The overall budget goes up 8 percent. And the revenue, the president is proposing cutting the revenue dramatically when we already are spending much more than we're taking in. That doesn't add up, at least in the math I was taught in Bismarck, North Dakota.

WOODRUFF: All right. It's day one. I know we're going to be hearing a lot more about this budget.

Senator Kent Conrad, we appreciate it. Thank you so much for joining us.

CONRAD: You bet.

WOODRUFF: New polls about upcoming races in New York and New Jersey. Straight ahead, we'll tell you how Senator Hillary Clinton fares against her potential challengers, including Rudy Giuliani.


WOODRUFF: Several new polls to tell you about and some state races we're watching in the Northeast. In the 2006 New York Governor's race, a hypothetical match-up shows incumbent Republican George Pataki losing to Democrat Eliot Spitzer by 16 points.

But the Sienna College poll finds former New York Mayor Rudy Giuliani would defeat Spitzer by nine points. Giuliani does not fare so well in a head-to-head race against incumbent Senator Hillary Clinton. The poll gives Clinton a nine-point edge. When Pataki is matched up against Clinton he loses by 26 points.

Democratic Senator Jon Corzyn appears to have the upper hand in this year's race for New Jersey governor. Corzyn comes out on top in head-to-head match-ups against two leading Republicans. Against former GOP gubernatorial candidate Brett Schundler, Corzyn leads by more than 20 points. The senator holds an equally large lead when he's matched against former Senate candidate Doug Forrester.

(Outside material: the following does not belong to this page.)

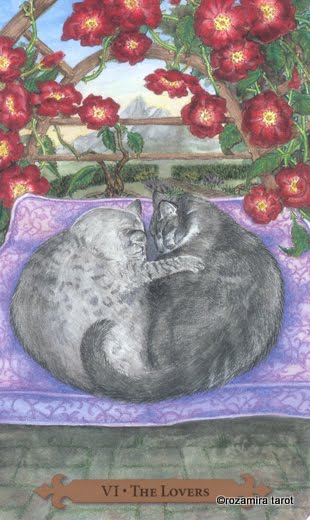 Mystical Cats Tarot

Selling Social Security no easy task, but does President Bush need a plan B to make his case to Congress? Ron Brownstein joins us in a few minutes with his take.

And later, he was the whistleblower who helped bring down President Nixon. Now, more than three decades later, will we finally learn who Deep Throat is? Our Bruce Morton has the story.


WOODRUFF: It's 4:00 on the East Coast. And as the markets get set to close on Wall Street I'm joined by Kitty Pilgrim in New York with "The Dobbs Report."

Hi, Kitty.

KITTY PILGRIM, CNN CORRESPONDENT: Hi, Judy. Thanks. Well, stocks on Wall Street slightly lower for the session but that's after two weeks of solid gains so as the final trades are being counted the Dow Industrial as you can see is very very close to break even and has been there for a bit. The Nasdaq slightly lower.

The big story in the markets today the dollar hitting a three- month high against the euro earlier today and that follows comments from Federal Reserve chairman Alan Greenspan. He says he sees improvement ahead for the U.S. economy.

The other big story very interesting this time of year, crude oil. It's selling more than a dollar today just above $45 a barrel. That's near its lowest level in three weeks but oil's recent run-up is translating into higher prices at the gas pump. The Lundberg Survey says gas prices rose more than $0.06 a gallon over the past two weeks and the average nationwide is now $1.91 a gallon.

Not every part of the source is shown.